Ursula Owusu-Ekuful has resurfaced on the political stage with a fiery denunciation of the ruling National Democratic Congress (NDC), branding the Mahama-led administration as “clueless,” “incompetent,” and a mere “caretaker government.”
Her remarks, delivered in a statement marking her 61st birthday on October 20, coincide with her formal declaration to contest the General Secretary position of the opposition New Patriotic Party (NPP).
Owusu-Ekuful, who suffered a personal defeat in the December 2024 elections losing her Ablekuma West parliamentary seat to Reverend Kwaku Addo of the NDC had remained conspicuously silent in the months following the NPP’s electoral collapse.
Her reentry into the fray signals a renewed ambition to shape the party’s future direction, even as critics question her legacy and accountability.
In her statement, the former minister accused the NDC of ascending to power through deception, claiming the party “lied its way into government” with “phantom promises” that eroded public confidence in the NPP.
“This caretaker NDC government is not in office because it is preferred,” she wrote. “It is there because it manipulated public sentiment and caused belief in us to wane.”
Owusu-Ekuful’s tenure under former President Akufo-Addo, which spanned eight uninterrupted years, remains mired in controversy.
Allegations of impropriety including the KelniGVG surveillance contract and the sale of Vodafone Ghana to Telecel continue to haunt her record.
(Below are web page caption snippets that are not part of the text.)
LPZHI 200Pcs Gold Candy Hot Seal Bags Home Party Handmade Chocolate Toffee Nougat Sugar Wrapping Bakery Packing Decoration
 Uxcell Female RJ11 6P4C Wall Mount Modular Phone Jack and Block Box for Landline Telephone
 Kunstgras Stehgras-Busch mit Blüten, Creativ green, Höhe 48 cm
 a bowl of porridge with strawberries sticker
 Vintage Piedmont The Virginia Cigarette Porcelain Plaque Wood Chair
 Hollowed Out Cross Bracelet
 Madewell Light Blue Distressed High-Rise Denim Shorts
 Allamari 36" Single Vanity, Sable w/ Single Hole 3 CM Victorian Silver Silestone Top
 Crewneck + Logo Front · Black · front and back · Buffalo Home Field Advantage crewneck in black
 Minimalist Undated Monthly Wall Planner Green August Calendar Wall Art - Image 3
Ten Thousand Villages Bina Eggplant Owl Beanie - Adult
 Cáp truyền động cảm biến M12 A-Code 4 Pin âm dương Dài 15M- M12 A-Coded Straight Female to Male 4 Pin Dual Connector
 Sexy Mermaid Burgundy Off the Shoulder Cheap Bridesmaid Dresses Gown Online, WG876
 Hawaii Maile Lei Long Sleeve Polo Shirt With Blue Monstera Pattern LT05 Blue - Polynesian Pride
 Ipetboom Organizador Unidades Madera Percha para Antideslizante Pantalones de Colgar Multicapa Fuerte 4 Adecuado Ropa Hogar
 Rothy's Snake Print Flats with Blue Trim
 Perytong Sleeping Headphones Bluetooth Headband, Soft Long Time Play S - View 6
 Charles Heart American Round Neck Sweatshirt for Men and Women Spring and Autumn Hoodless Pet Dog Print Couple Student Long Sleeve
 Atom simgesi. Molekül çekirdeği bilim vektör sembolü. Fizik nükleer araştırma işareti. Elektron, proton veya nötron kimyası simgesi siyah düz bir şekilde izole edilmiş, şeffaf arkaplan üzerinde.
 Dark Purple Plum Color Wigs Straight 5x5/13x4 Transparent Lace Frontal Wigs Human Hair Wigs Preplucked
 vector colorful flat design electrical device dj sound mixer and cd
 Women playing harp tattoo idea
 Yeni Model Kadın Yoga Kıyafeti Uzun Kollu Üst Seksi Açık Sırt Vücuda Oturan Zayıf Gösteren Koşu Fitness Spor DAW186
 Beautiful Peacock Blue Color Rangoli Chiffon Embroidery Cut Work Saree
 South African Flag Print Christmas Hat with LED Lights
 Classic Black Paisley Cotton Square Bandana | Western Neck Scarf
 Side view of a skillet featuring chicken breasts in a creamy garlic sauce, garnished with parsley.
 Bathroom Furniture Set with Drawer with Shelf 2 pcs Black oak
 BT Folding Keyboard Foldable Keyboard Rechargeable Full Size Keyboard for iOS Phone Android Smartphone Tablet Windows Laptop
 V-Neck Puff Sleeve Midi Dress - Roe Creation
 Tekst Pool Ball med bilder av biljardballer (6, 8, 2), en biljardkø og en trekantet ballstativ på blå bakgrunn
Civil society watchdogs, notably IMANI-Africa, have expressed frustration at the lack of accountability.
“It is sad that KelniGVG, that crookish monster, continues to siphon millions while the current government does nothing,” IMANI President Franklin Cudjoe lamented.
He criticized the silence of her successor, Samuel Nartey George, who had previously vowed to investigate the scheme but has since gone quiet.
Despite the unresolved allegations, Owusu-Ekuful remains defiant. Her rhetoric is steeped in party nostalgia and calls for renewal. “We lie not in a good place,” she told NPP delegates. “But as our great tradition has demonstrated, we will thrive.”
Her campaign for General Secretary pits her against a slate of male contenders, including former EPA head Kwabena Kokofu, ex-MP Eugene Boakye Antwi, and incumbent Justin Frimpong Kodua. Yet she remains confident in her credentials, describing herself as “nurtured, proven, and prepared” to lead the party’s administrative engine.
“Scathed, we refuse to be burnt,” she declared. “And in the unlikely circumstance that we set ourselves in a blazing inferno, we will rise. Like the Phoenix, we will be ready.”
Owusu-Ekuful emphasized the urgency of repositioning the NPP ahead of the 2028 elections, warning that Ghanaians remain in “dire need of change.” She called for the party to “re-shape, re-organize, and restore belief” in its capacity to govern.
Her closing remarks underscored a vision of unity and purpose. “Across the country and the diaspora, the NPP family comes together as onebound by the desire to recapture power and do better for mother Ghana. This is our ultimate resolve. It is mine too.”
Whether her bid will galvanize the party or deepen internal fault lines remains to be seen. But one thing is clear: Ursula Owusu-Ekuful is back, and she’s not pulling any punches.